For each parameter, provide the following details:

  • Name: Enter a descriptive name for the parameter.
  • Default value: Specify the default value for the parameter.
  • Description: Include a brief description of the parameter's purpose.
  • Param type: Can be either string or an ML Repo

Click on the toggle to enable Params

Click on "+ Add Params for Input"

Name: n_neighbors
Default value: 5
Description: Number of neighbors to use by default

Name: weights
Default value: uniform
Description: Weight function used in prediction. Possible values: uniform, distance

Step 5: Submit the form

Now that all the deployment options are filled, you can proceed by clicking the "Create" button. This will initiate your deployment process. After clicking "Create," your Job Dashboard will resemble the following:

While your deployment is in progress, you can hover over the spinner icon to check the status of the deployment. After a brief moment, the deployment should become active, and your Job Dashboard will transform to appear as follows:

Effortless Hyperparameter Experimentation

Once your deployment is active, navigate to your specific job by clicking on it. This action will open a dedicated dashboard displaying various job details, including the Run Job button.

Clicking this button will trigger a modal to appear:

Within this modal, you can effortlessly adjust hyperparameter values for rapid experimentation.

After configuring the modal, submit it using the Run Job button. This action will redirect you to the Job Runs tab. Within a few moments, your job status should switch to Finished.

Proceed by clicking on the logs button to access your job's results:

Now closing, clicking the purple churn-train-job badge will grant you access to the Key Metrics, Hyperparameters, Logged Model, and Associated Artifacts from the run.

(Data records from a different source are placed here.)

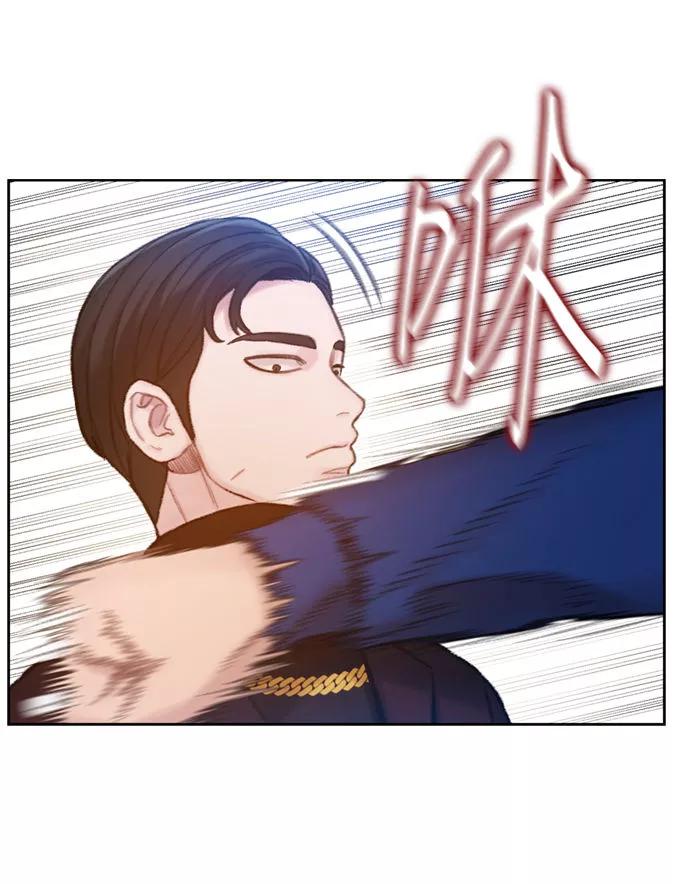 《三昧境》第6话 第17页
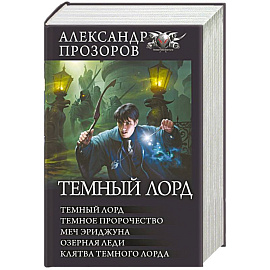 Темный лорд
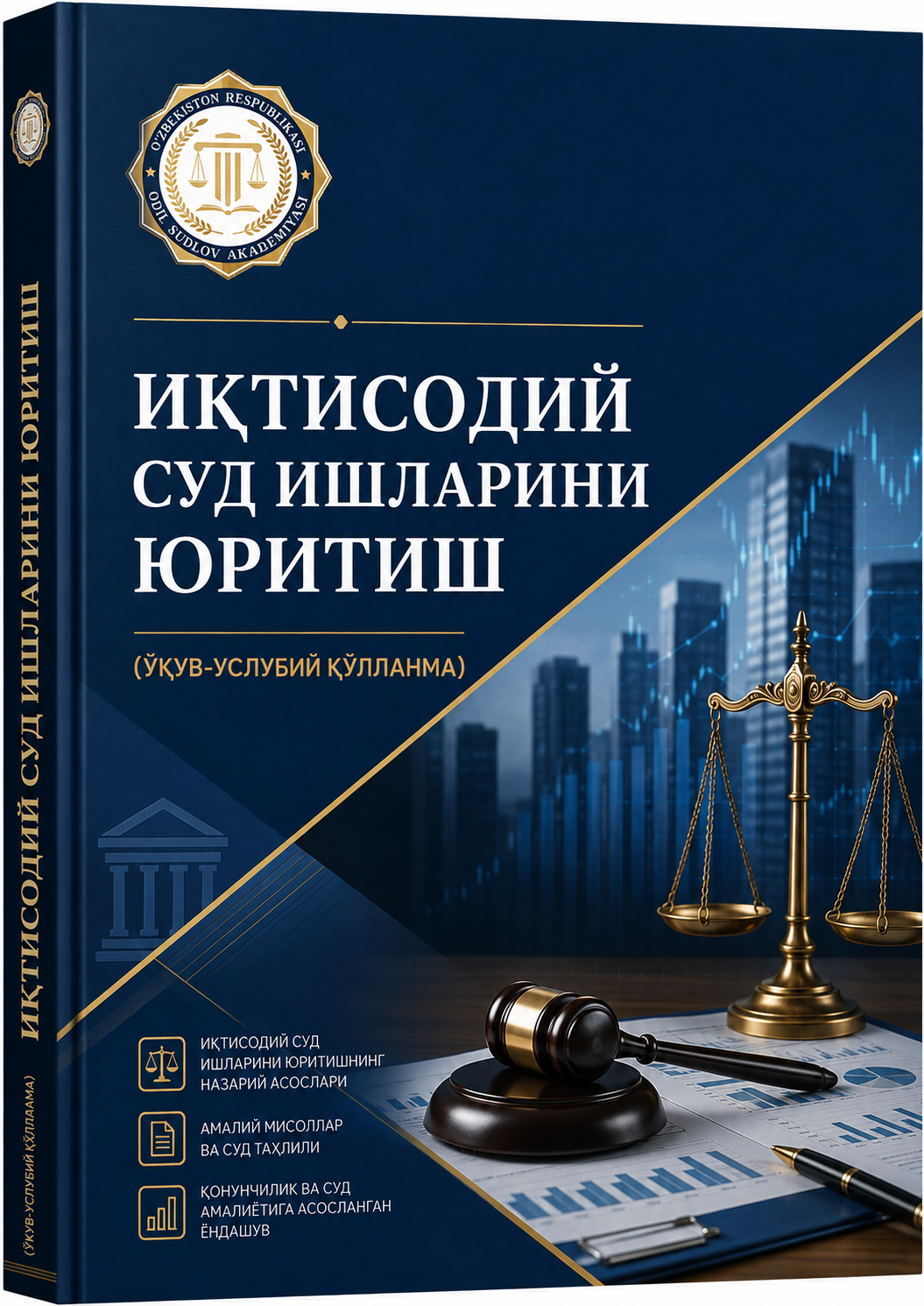 Iqtisodiy sud ishlarini yuritish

Additional Capabilities of Jobs

Let's delve into the advanced functionalities that Jobs offer, extending beyond deployment strategies:

  • Continuous Integration/Continuous Deployment (CI/CD) via Truefoundry: Integrate Jobs with Truefoundry for streamlined CI/CD pipelines, ensuring efficient code integration, testing, and deployment.
  • Cron Jobs: Schedule Jobs to run at specified intervals using cron-like expressions, automating recurring tasks and processes.
  • Job Parametrization: Configure Jobs with parameters, allowing you to customize execution by providing dynamic input values.
  • Programmatic Job Triggers: Trigger Jobs programmatically via APIs, enabling seamless automation and integration with external systems.
  • Additional Configurations: Access a range of supplementary configurations to fine-tune job behavior and optimize performance.